Why Machine Learning Models Fail to Fully Capture Epistemic Uncertainty
Sebastián Jiménez, Mira Jürgens, Willem Waegeman
TL;DR
This paper tackles the mismatch between common second-order uncertainty methods and the full epistemic uncertainty in ML models by introducing a fine-grained taxonomy and a simulation-based evaluation framework using a reference distribution that accounts for data and procedural randomness. It provides a regression-specific bias-variance decomposition within this framework and demonstrates that high model bias can cause underestimation of epistemic uncertainty, with bias often being misattributed to aleatoric uncertainty by many methods. Through synthetic experiments and a real NYC taxi dataset, the authors show that typical approaches (e.g., Deep Ensembles) predominantly capture procedural uncertainty and fail to represent data-driven epistemic components, leading to distorted uncertainty partitions.

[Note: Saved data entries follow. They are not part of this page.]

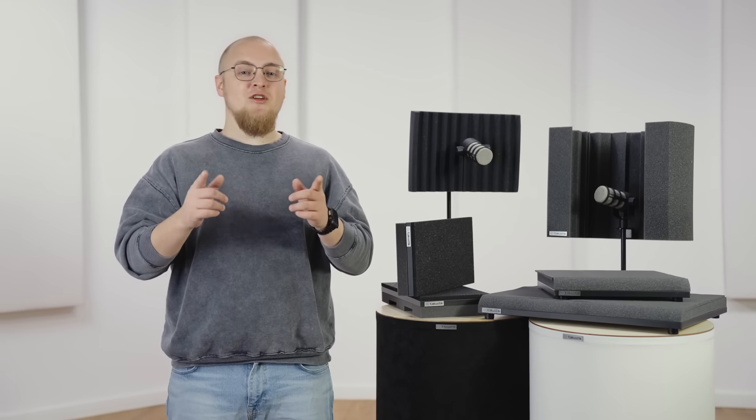What's up guys, Jonas here, and today we are going to take a closer look at our top 5 studio gadgets. Let's go!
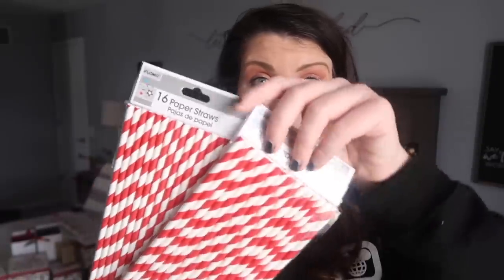I also grabbed some red and white straws. These scream candy cane to me. They weren't in the Christmas section — usually I can find these over in the party section, in that last aisle on the side with the glassware and kitchen utensils. I grabbed two of these and I love them for tiered tray decor.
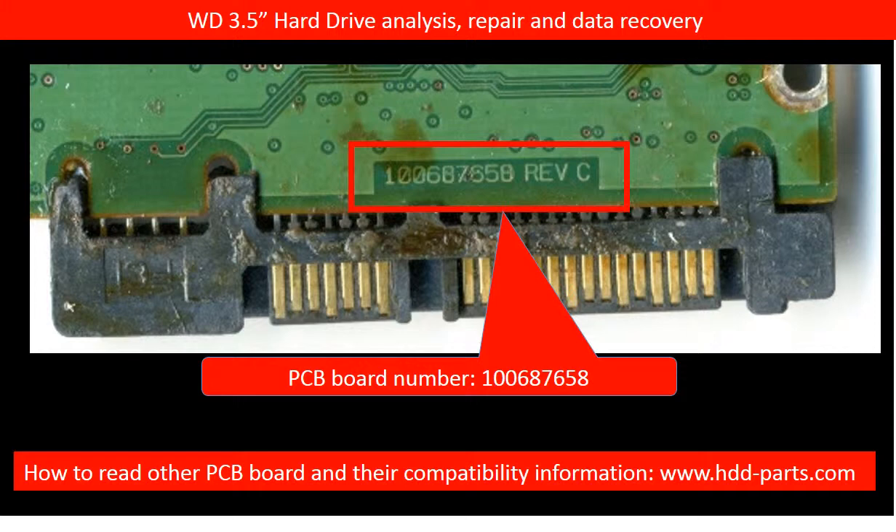Every brand name hard drive PCB board, and different family PCB board, the PCB board number are different. And the location of the PCB board number is different as well. Some PCB board numbers are on the edge of the board, some are in the middle of the board, and some are even inside of the board.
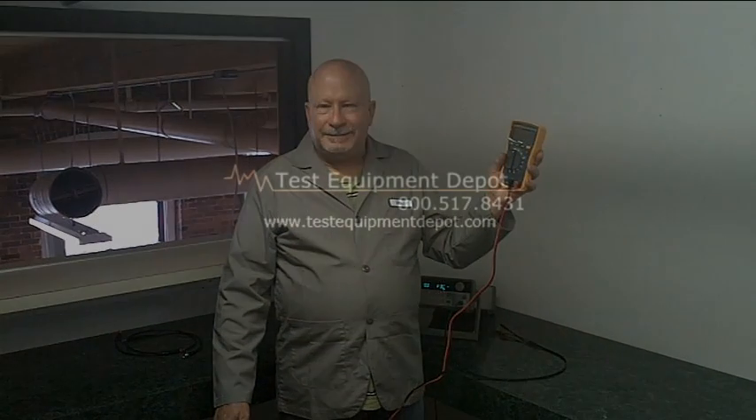Thank you for listening. I am York of Test Equipment Depot. Thank you.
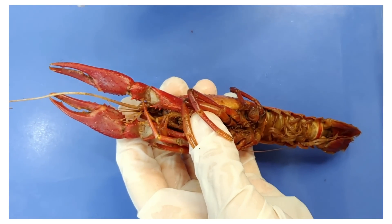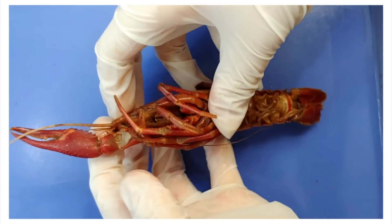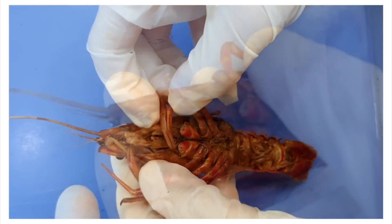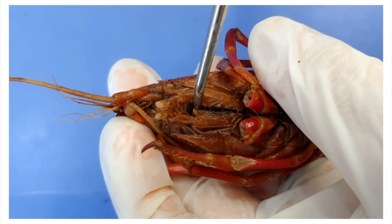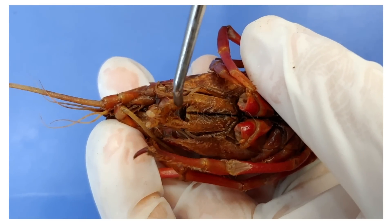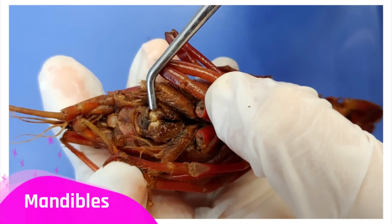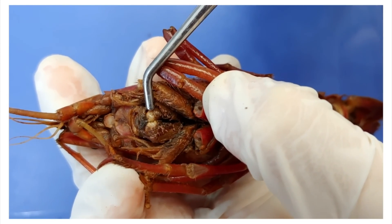Now I'm going to snap off the pincers so we can take a better look at the mouth. These are called the maxillipeds, and they hold and push food to the mouth. It's kind of like if you had a pair of legs right next to your mouth, because why not? Now underneath these, these are called the mandibles, and they're used to grind up food. They also move side to side.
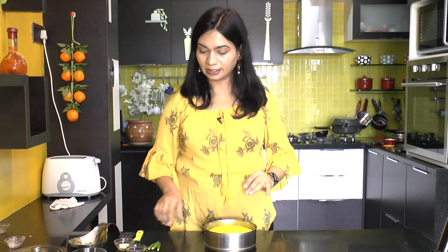Instead of steaming you could also microwave this suji dhokla. For that, put the batter into any microwave-safe dish — a 9-inch pan works better, so take around an 8 to 9 inch dish. Pour in the dhokla batter and microwave on high power for about 5 minutes. My microwave is 900 watts and it takes exactly 5 minutes to get ready. Here I have steamed this dhokla over medium heat for exactly 20 minutes.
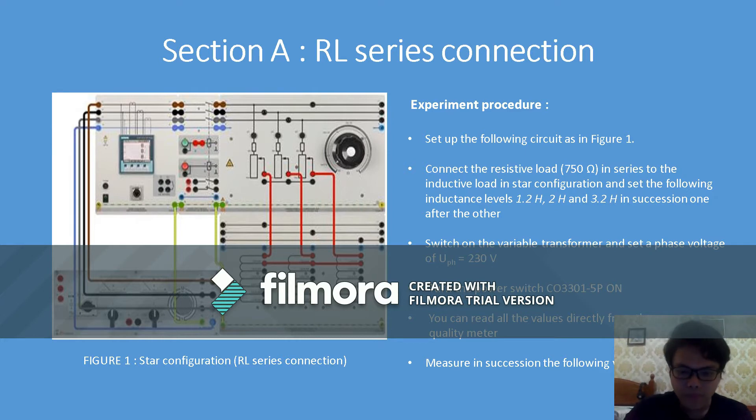The third step is to switch on the variable transformer and set a phase voltage of 230 volts. After that, turn the power switch on and we can directly read the values from the power quality meter, then measure the required variables.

The work highlights the need for task-aware evaluation protocols and full representation of all epistemic sources to obtain reliable and interpretable uncertainty estimates for downstream tasks like active learning and out-of-distribution detection.
Abstract
In recent years various supervised learning methods that disentangle aleatoric and epistemic uncertainty based on second-order distributions have been proposed. We argue that these methods fail to capture critical components of epistemic uncertainty, particularly due to the often-neglected component of model bias. To show this, we make use of a more fine-grained taxonomy of epistemic uncertainty sources in machine learning models, and analyse how the classical bias-variance decomposition of the expected prediction error can be decomposed into different parts reflecting these uncertainties. By using a simulation-based evaluation protocol which encompasses epistemic uncertainty due to both procedural- and data-driven uncertainty components, we illustrate that current methods rarely capture the full spectrum of epistemic uncertainty. Through theoretical insights and synthetic experiments, we show that high model bias can lead to misleadingly low estimates of epistemic uncertainty, and common second-order uncertainty quantification methods systematically blur bias-induced errors into aleatoric estimates, thereby underrepresenting epistemic uncertainty. Our findings underscore that meaningful aleatoric estimates are feasible only if all relevant sources of epistemic uncertainty are properly represented.